4.1.2.      Bentuk-bentuk keberanian
Keberanian tidak hanya ditunjukkan dalam peperangan, tetapi juga dalam berbagai aspek kehidupan. Berikut ini beberapa bentuk keberanian yang disebutkan oleh al-Qur’an dan sunnah :
1.      Keberanian menghadapi musuh dalam peperangan (jihad fi sabilillah). Seorang muslim harus berani terjun ke medan perang menegakkan dan membela kebenaran. Dia harus terus maju sampai menang atau mati syahid. Tidak boleh mundur atau lari meninggalkan medan, kecuali mundur untuk bergabung dengan pasukan (Islam) lain, atau sebagai bagian dari siasat peperangan.

2.      Keberanian menyatakan kebenaran (kalimah al-haq) sekalipun di hadapan penguasa yang zalim.
Kebenaran memang harus disampaikan sekalipun mengandung resiko.
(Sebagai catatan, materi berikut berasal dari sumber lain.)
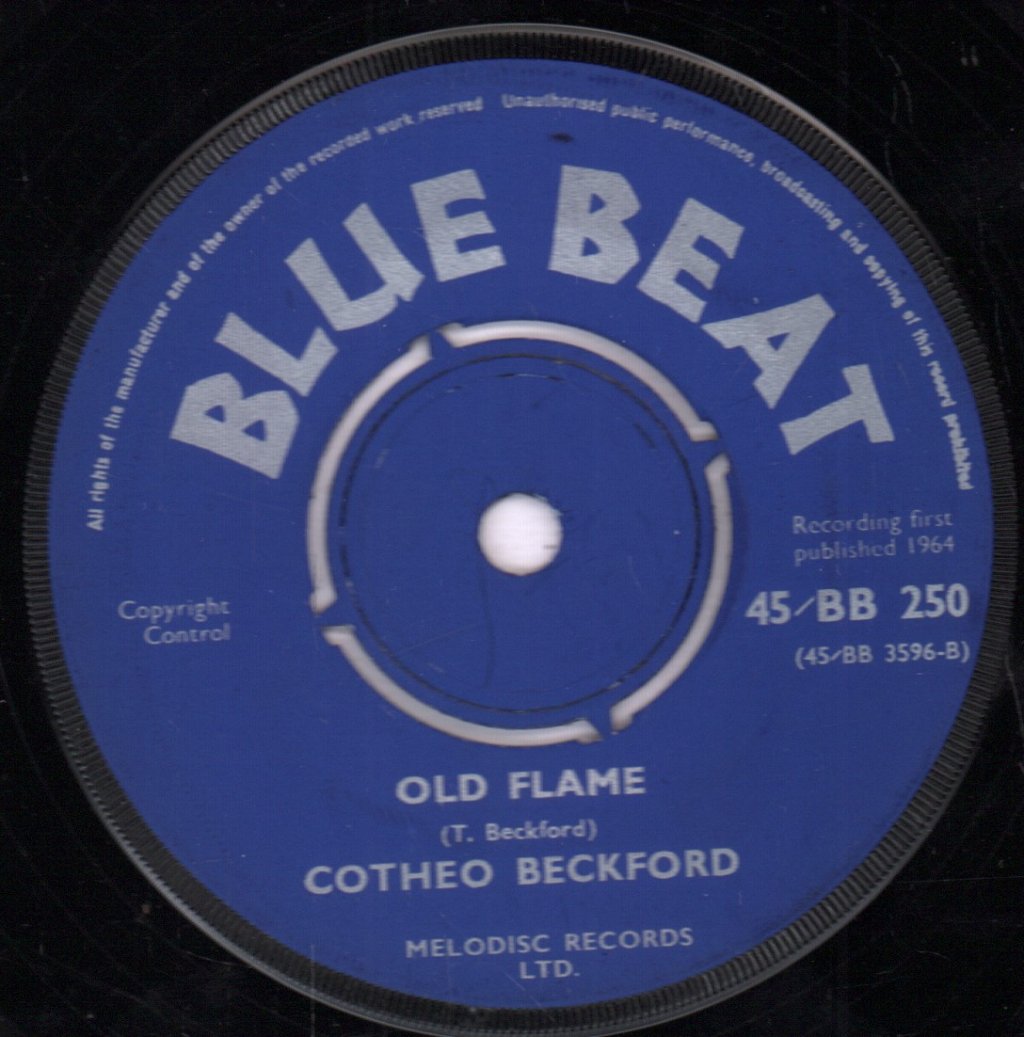 Cotheo Beckford - She's Gone - 7 Inch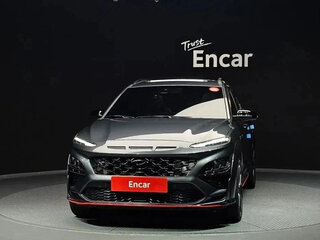 2021 Hyundai Kona I, серый, 1510000 рублей, вид 2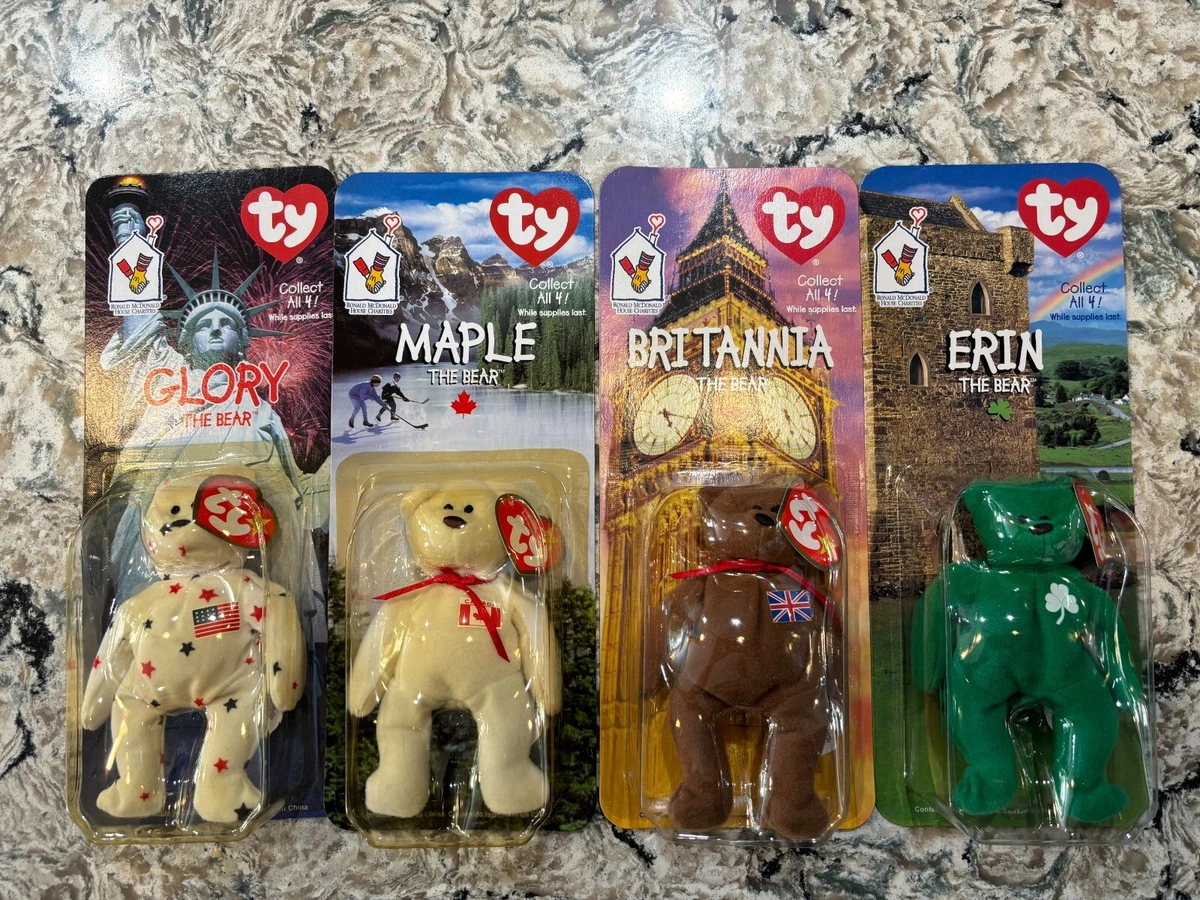 Mcdonald's international beanie babies top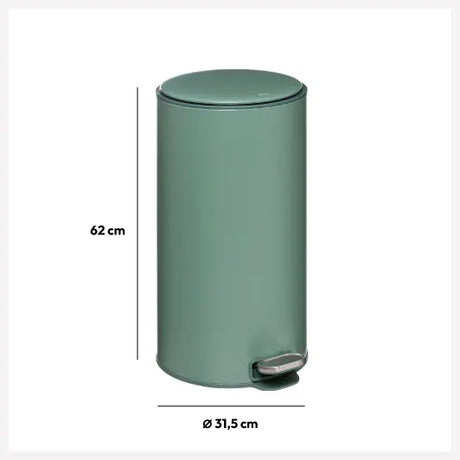 Coș 5five Delta, Argile, Metal, 30 L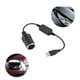 thumbnail image 2 of Adaptador convertidor de coche con puerto USB a toma de encendedor de 12 V, cable de alimentación hembra, 2 of 5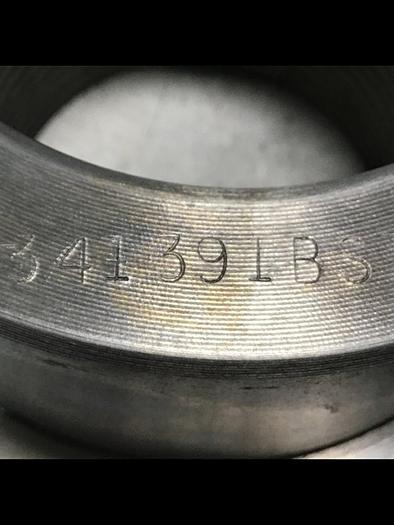 Used VAN DORN Die Height / Adjustable Tie Bar Nut 341391B ST Used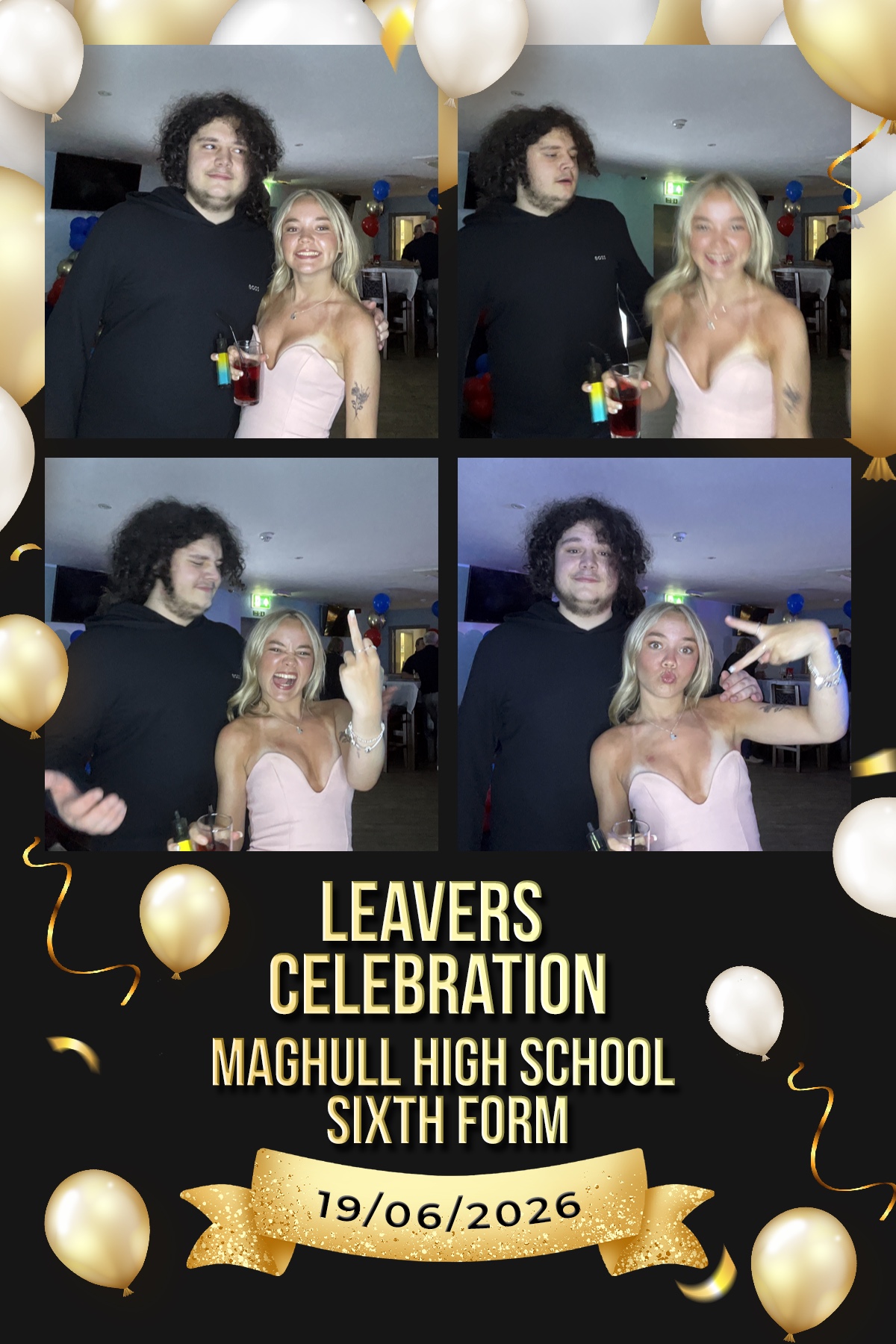 Maghull High School Leavers celebration 2026 | View more photos from the event at gallery.liverpoolselfiemirror.co.uk/u/LiverpoolSelfieMirror/Maghull-High-School-Leavers-celebration-2026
Resikonya akan lebih besar lagi kalau yang dihadapi adalah penguasa yang otoriter, yang menganggap semua kritik adalah pembangkangan. Menghadapi penguasa seperti itu diperlukan keberanian.

3.      Kebenaran untuk mengendalikan diri tatkala marah sekalipun dia mampu melampiaskannya.

4.1.3.      Sumber Keberanian
1.      Rasa takut kepada Allah SWT
2.      Lebih mencintai akhirat daripada dunia
3.      Tidak takut mati
4.      Tidak ragu-ragu
5.      Tidak menomorsatukan kekuatan materi
6.      Tawakal dan yakin akan pertolongan Allah
7.      Hasil pendidikan

4.1.4.      Jubun atau penakut
Lawan dari sifat Syaja’ah adalah jubun, yaitu penakut. Takut menghadapi musuh, takut menyatakan kebenaran, takut gagal, takut menghadapi resiko dan ketakutan-ketakutan lainnya. Penakut adalah sifat yang tercela, sifat orang-orang yang tidak benar-benar takut kepada Allah.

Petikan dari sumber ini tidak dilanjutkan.